What is needed is a word-for-word copy of the listing below, without pictures.

**Data below**
------------------------------------------------

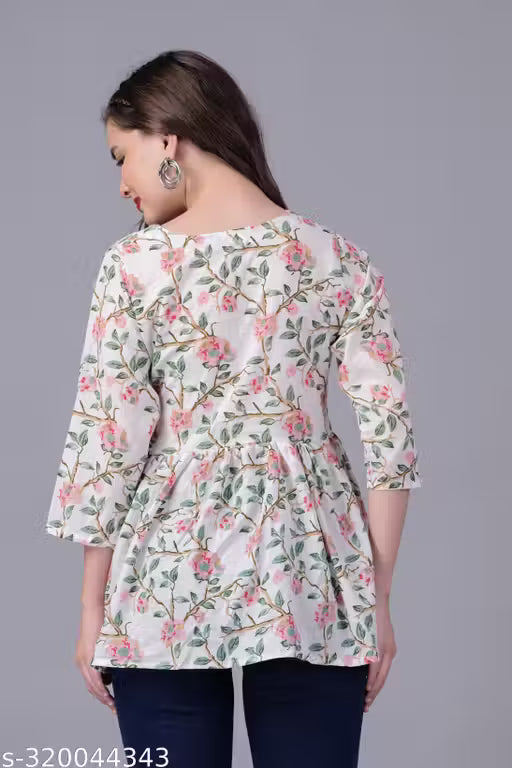 Women's floral print top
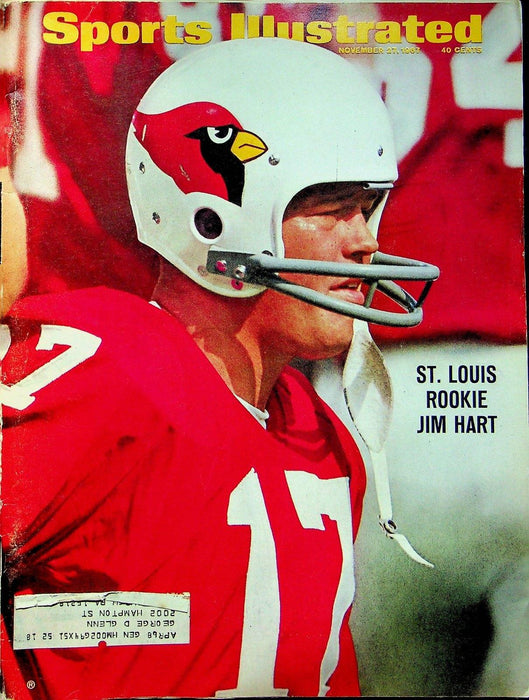 Sports Illustrated Magazine November No 22 1967 St Louis Rookie Jim Hart 1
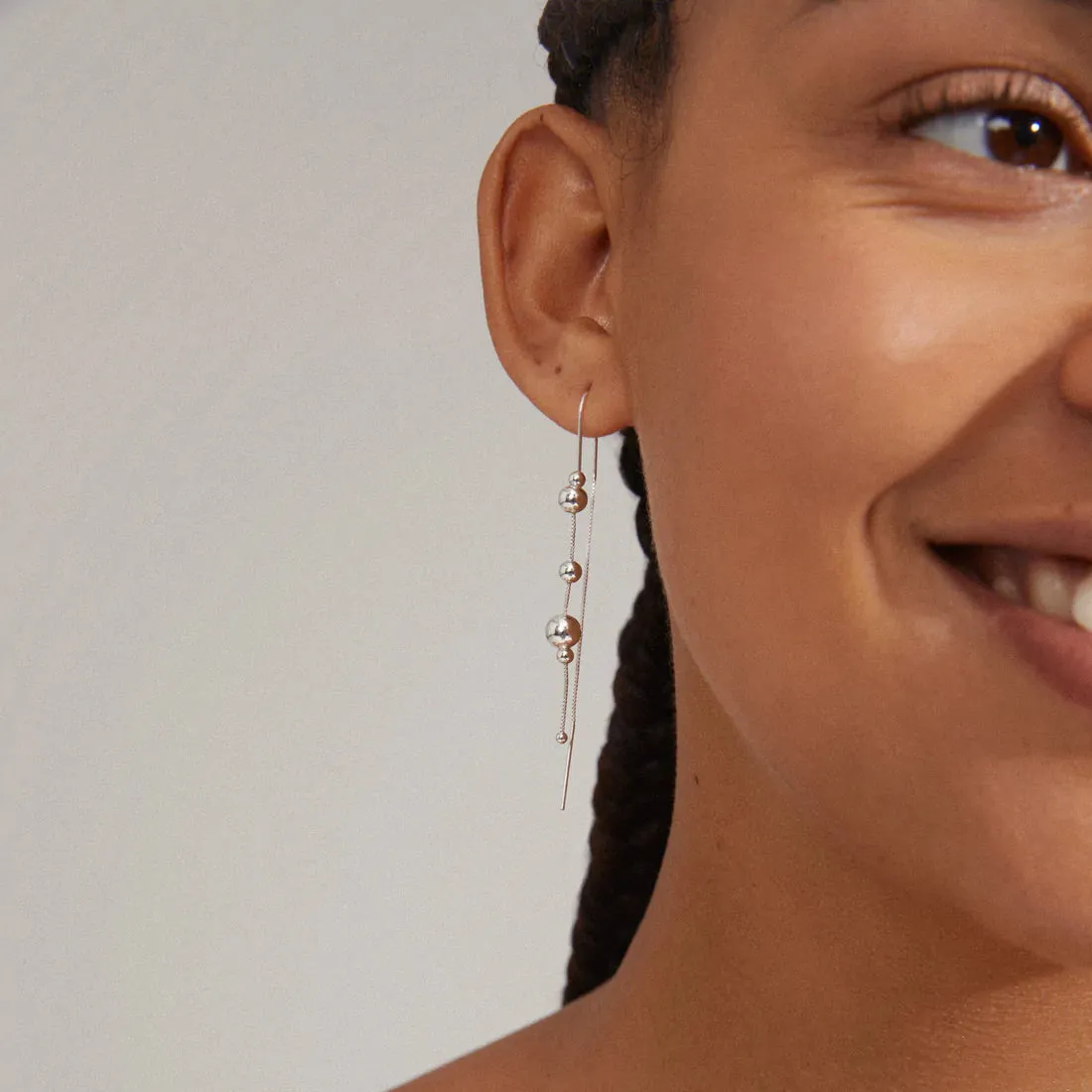 Etine Recycled Chain Earrings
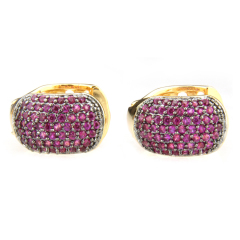 New Fashion Classic Design Micro Pave Copper Clip on Earrings for Women Gift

------------------------------------------------

**Your response**
 Women's floral print top
 Sports Illustrated Magazine November No 22 1967 St Louis Rookie Jim Hart 1
 Etine Recycled Chain Earrings
 New Fashion Classic Design Micro Pave Copper Clip on Earrings for Women Gift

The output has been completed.